Dünya çapında bu alanda çalışan Türkiye merkezli kurumlar ve girişimciler olsa da maalesef ülkemizde yerleşik ve ayrı bir tüzel kişiliğe sahip bir İslami Fintech şirketi bulunmuyor. Katılım bankalarının girişimcilik merkezlerinde yurt dışında faaliyet gösteren insha gibi faizsiz bankacılık hizmetleri geliştirilmiş ancak yerli bir firma henüz ortaya çıkmamıştır. Bu durumun genel nedeni ise ülkemizde bu fırsatlara yatırım yapacak kişi ve kurumların çok az olması ve girişimcilerin bu konulara çok fazla kafa yormamasıdır.
Bu fırsatı değerlendirmek ve açık finans eğilimine doğru giden iktisadi sistemde yer edinmek amacıyla bir grup arkadaşımızla DijitalZekât adıyla İslam’ın zekât emrini daha kolay ve yönetilebilir hale getirmek için yola çıkmış bulunuyoruz. Türkiye’nin 2018 yılı için zekât potansiyeli 31 Milyar dolar civarında olmasına rağmen toplanan rakamın yaklaşık olarak 4.7 Milyar dolar olması meselenin tam anlamıyla kavranamamış olduğunu gösteriyor. Bu bağlamda hedefimiz zekâtın doğru bir biçimde hesaplanarak, doğru yerlere verilmesini sağlamakla birlikte toplumsal adaleti ve kalkınmayı İslam’ın iktisadi ilkelerini uygulayarak gerçekleştirmektir. Aynı zamanda ülkemizdeki bu alanın gelişimine katkı sağlama niyetindeyiz.
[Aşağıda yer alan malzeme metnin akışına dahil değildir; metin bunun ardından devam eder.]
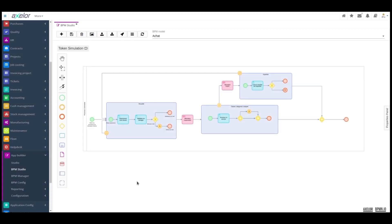Hello everyone, and welcome to this new video presenting a BPMN process. The process we're going to study today is a purchase request follow-up process with a particular focus on the first stages of validation.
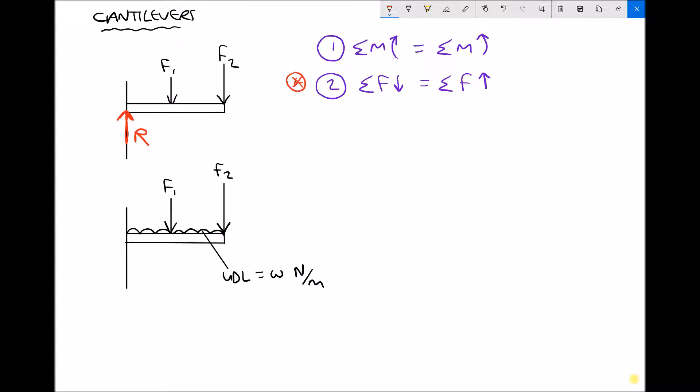For that first beam we can see we have two forces pushing down, F1 and F2, and we only have one force pushing up, which is the support reaction. Therefore, for that first beam, R is simply F1 plus F2.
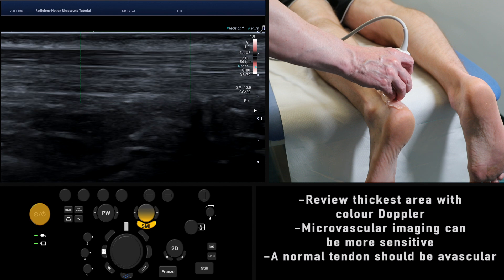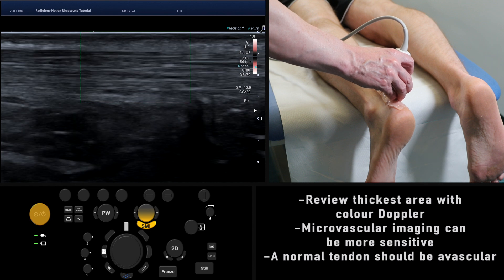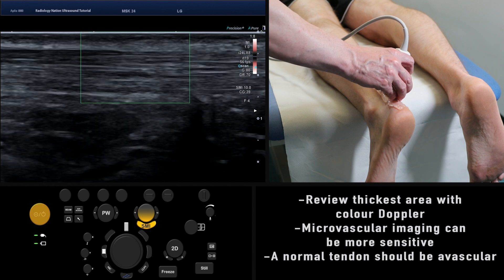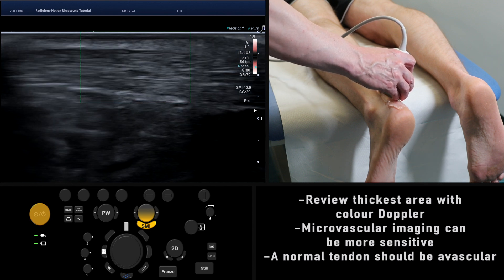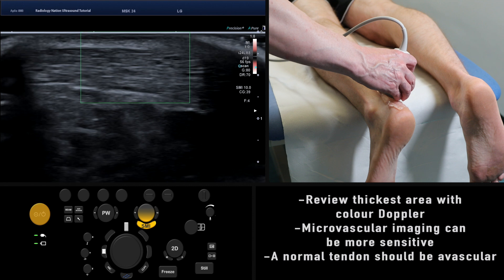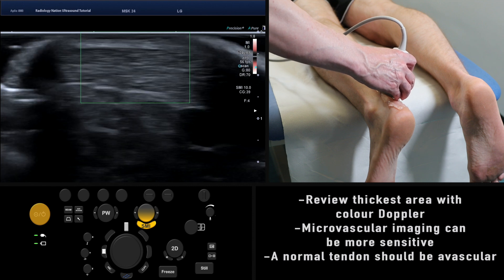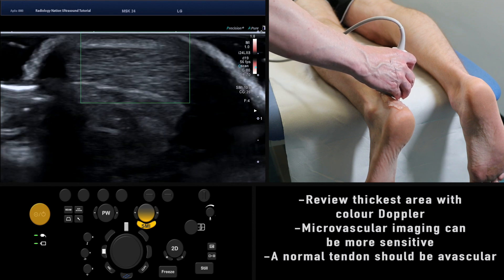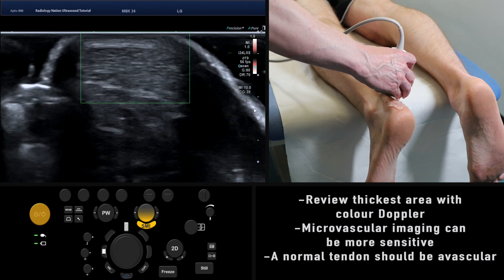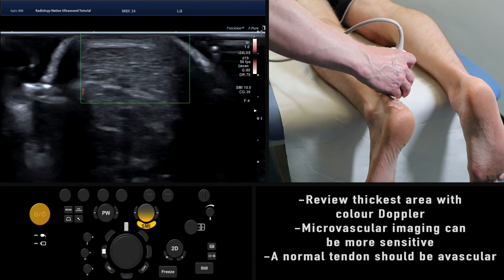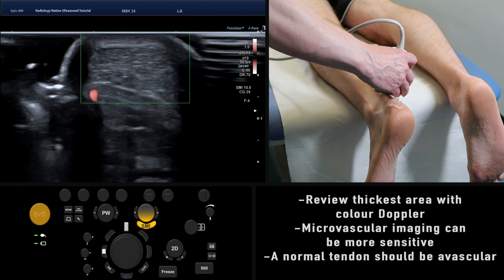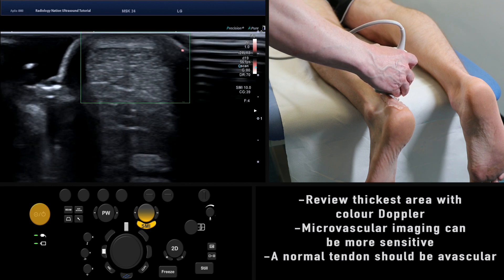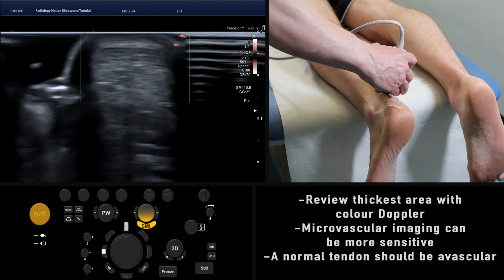Some more modern machines are equipped with microvascular imaging, such as the Canon SMI. Here we enable SMI to give a more sensitive assessment of the tendon. In this example, the tendon remains avascular and is therefore normal.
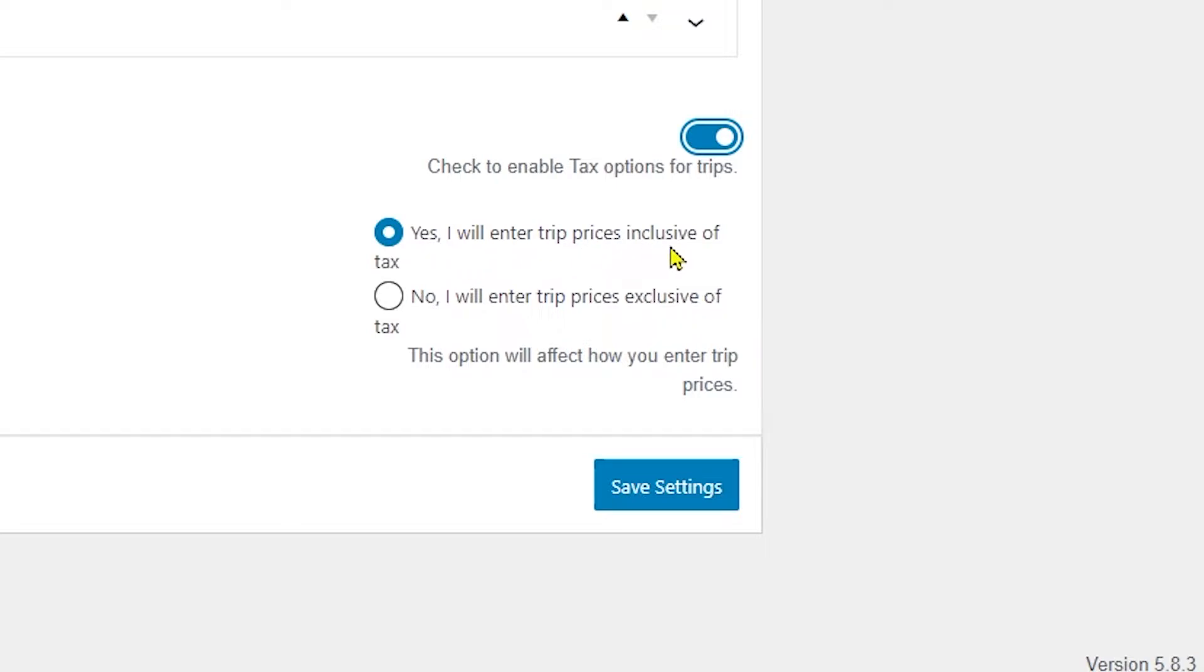The first option is 'Yes, I will enter trip prices inclusive of tax.' If we choose this option, the trip prices will include tax according to a defined rate, and the final or total price of the trip will be displayed including the tax amount.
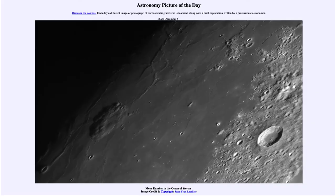Greetings and welcome to the introduction to astronomy. One of the things that I like to do in each of my introductory astronomy classes is to begin the class with the astronomy picture of the day from the NASA website, that is apod.nasa.gov.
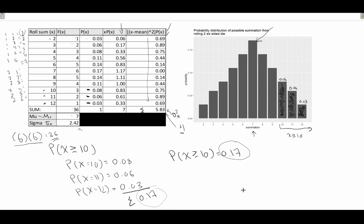Don't get too caught up with this style of working through discrete probability distributions. Our focus is going to be on the two we'll look at in the next video: the binomial and the Poisson. This was just to give us the idea of the basics of a discrete probability distribution before we move into more of a formula-based approach. That does it for the basic introduction — next video we'll get into two specific versions of our discrete probability distributions.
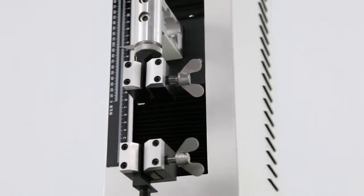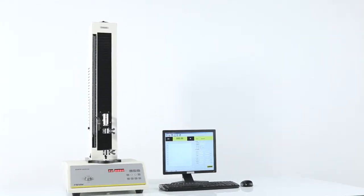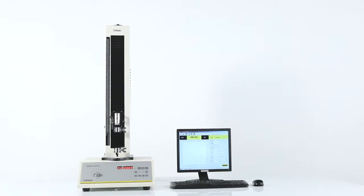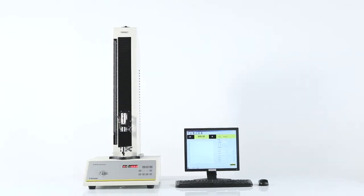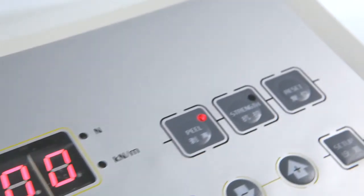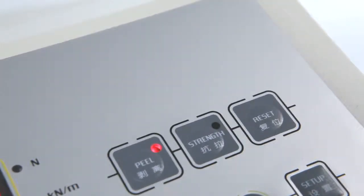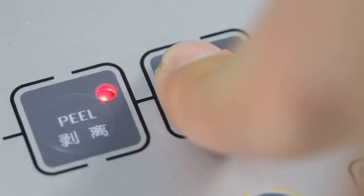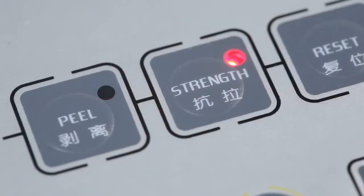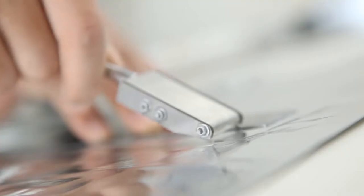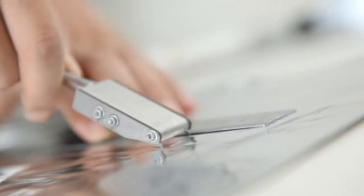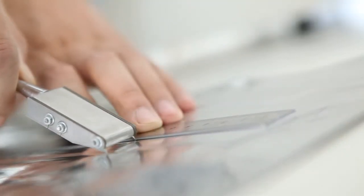XLWB is the basic model of LabThink's automatic tensile testers. Its tensile and peeling testing programs can be easily switched between and can be used to measure the mechanical strengths of flexible plastic packaging materials.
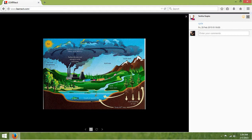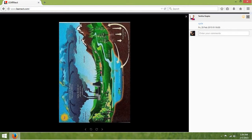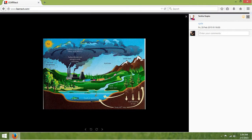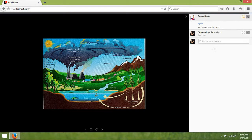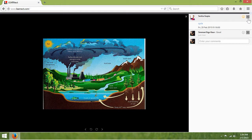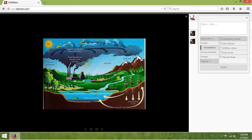You can rotate the image from these two icons. On the right hand side, you can put a comment and a smiley to the image. You can share the image from this icon.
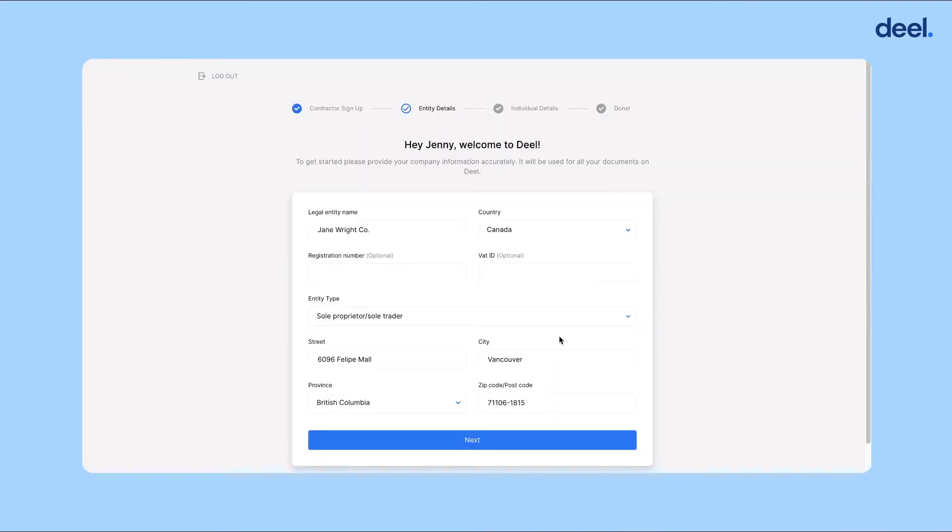Now it'll take you to this page with this form. Make sure to fill it out with the applicable information about your entity based on how you set it up in your country.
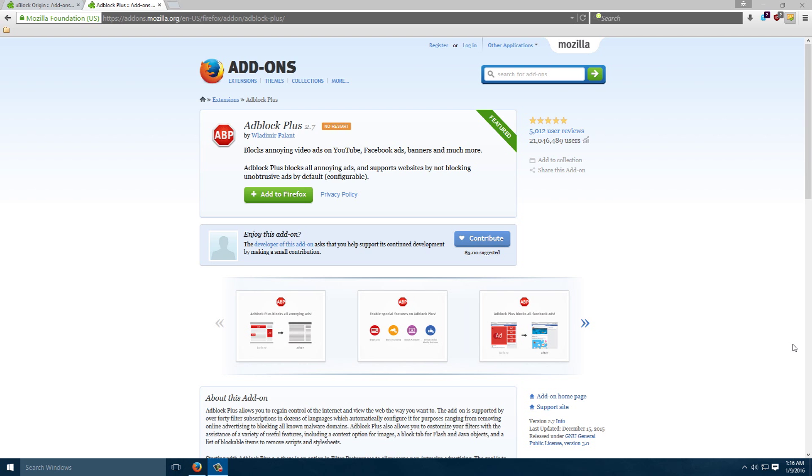But maybe it's time to change which extension you're using. Adblock Plus has recently made decisions to shift how they block ads and they've recently introduced or are going to be introducing paid exceptions where companies can pay a fee in order to have their ads pass through Adblock and be played regardless of the software.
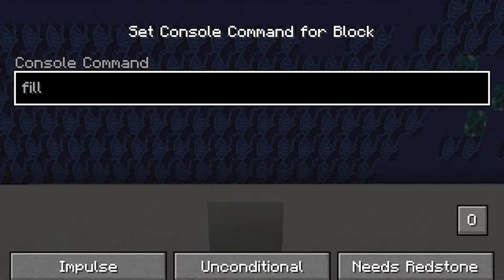The first command fills an area with diamond blocks. It uses two coordinates which refer to the two corners of the fill.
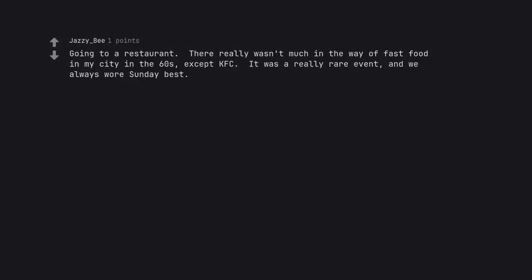Going to a restaurant. There really wasn't much in the way of fast food in my city in the 60s, except KFC. It was a really rare event, and we always wore Sunday best.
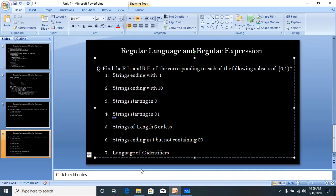I hope you are now getting how to construct the regular language and regular expression for a given statement. In exams, the question may be asked to construct the regular language and regular expression for a given statement. If you have any queries, please feel free to contact me. Thank you and have a nice day.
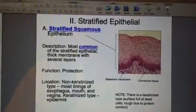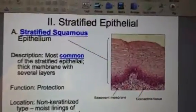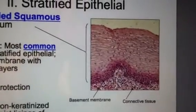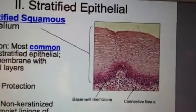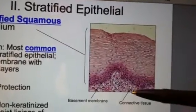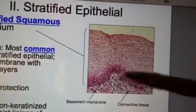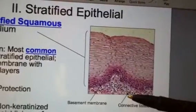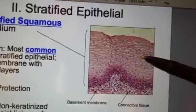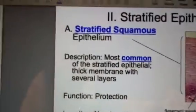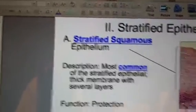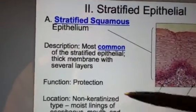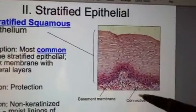You're looking at stratified squamous here, and when we zoom in on the image you can see that there's a basement membrane and a connective tissue membrane on the very bottom — something similar to fat, for example — and this anchors the stratified squamous down onto the body. This is the most common type of stratified epithelial, and it's a very thick membrane with several layers.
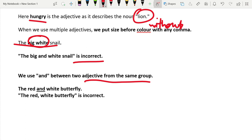If you have the red and white butterfly, you want to put an and between them. You don't write the red-white butterfly with a comma in the middle. You write red and white.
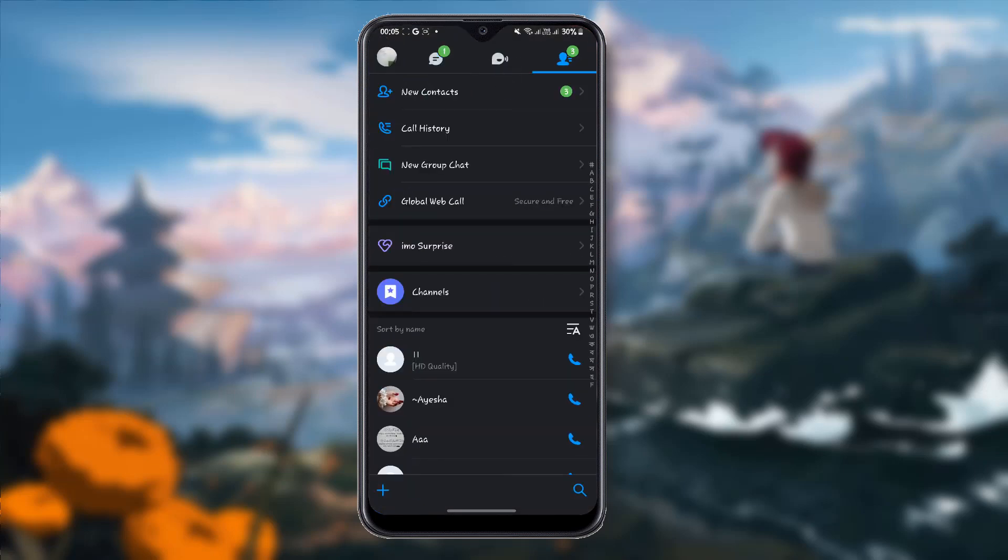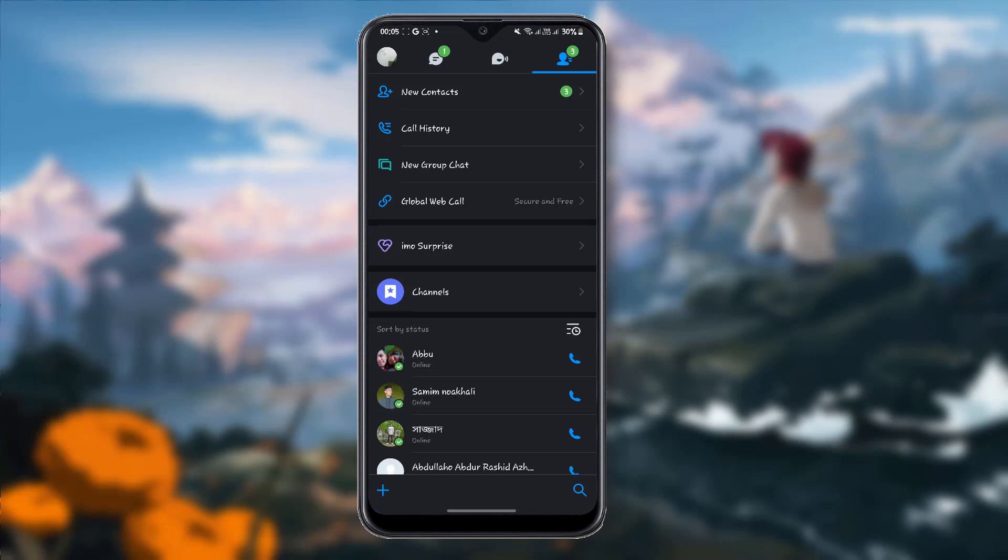Here you will see a 'sort by status' icon. Tap on it to sort by status. Once you have selected 'sort by status,' you will see a blue indicator. This means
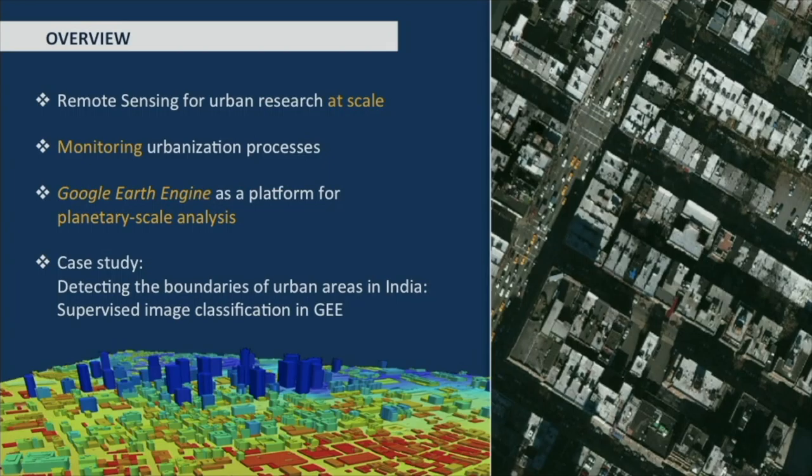In the next 15 minutes, I want to talk about remote sensing and how remote sensing can be used for urban research at scale and for understanding urbanization processes. Specifically, I will show how we have been using Google Earth Engine as a platform for planetary scale analysis in one case study into the detection of urban areas in India.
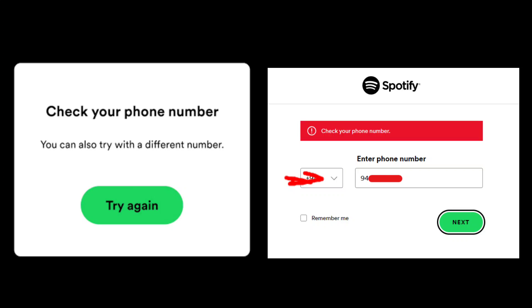It was just two days ago that I opened my Spotify and it was not opening, there was some error. I took a screenshot which you can see on your screen. It was something like check your phone number.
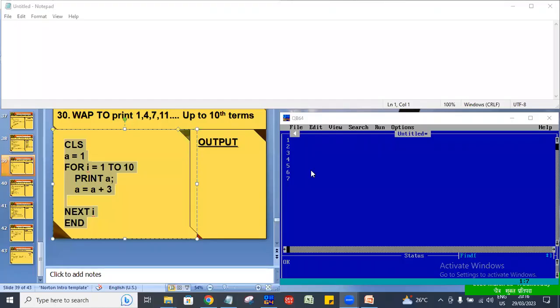Hello everyone, welcome to SK TechnoHub YouTube channel. Today we are going to have a QBasic modular program under a random number program.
Bu ve bunun gibi İslami Finansal teknolojilerin gelişmesi için bireysel çabaların yetersiz kaldığı bir ortamda açık finansın sunmuş olduğu imkânları açık medeniyet inşasında lehimize dönüştürmenin yolu devlet desteği ile birlikte kafasını geleceğe kaldırmış yatırımcılar ve girişimcilerden geçiyor. Mevcut sistem her ne kadar korumacı davransa da toplumun finansal ihtiyaçlarının şeffaflaşma ve açık olma zarureti faize dayalı ekonominin çözülmesine yardımcı olacak niteliktedir. Biz Müslümanlara burada düşen vazife ise finansal teknolojileri İslam toplumunun ilkeleri ışığında kurmaktır. Bu uğurda atacağımız her adım bizi arzu ettiğimiz finansal düzene kavuşturacaktır.